──────── DATA EXTRACTS

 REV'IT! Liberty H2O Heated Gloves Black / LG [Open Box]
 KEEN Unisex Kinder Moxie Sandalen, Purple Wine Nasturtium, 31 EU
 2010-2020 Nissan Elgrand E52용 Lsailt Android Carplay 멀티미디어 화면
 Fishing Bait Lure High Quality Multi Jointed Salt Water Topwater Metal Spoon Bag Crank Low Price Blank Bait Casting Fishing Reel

────────────────
──────── DATA EXTRACTS

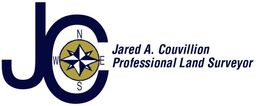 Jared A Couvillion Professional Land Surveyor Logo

────────────────

> _WHAT YOU SHOULD DO_
In the entries above, find the line with "2010-2020 Nissan Elgrand" and the line with "Fishing Bait Lure", then set down exactly those two and every line between them, nothing else.

> _EXERCISE OUTPUT_
 2010-2020 Nissan Elgrand E52용 Lsailt Android Carplay 멀티미디어 화면
 Fishing Bait Lure High Quality Multi Jointed Salt Water Topwater Metal Spoon Bag Crank Low Price Blank Bait Casting Fishing Reel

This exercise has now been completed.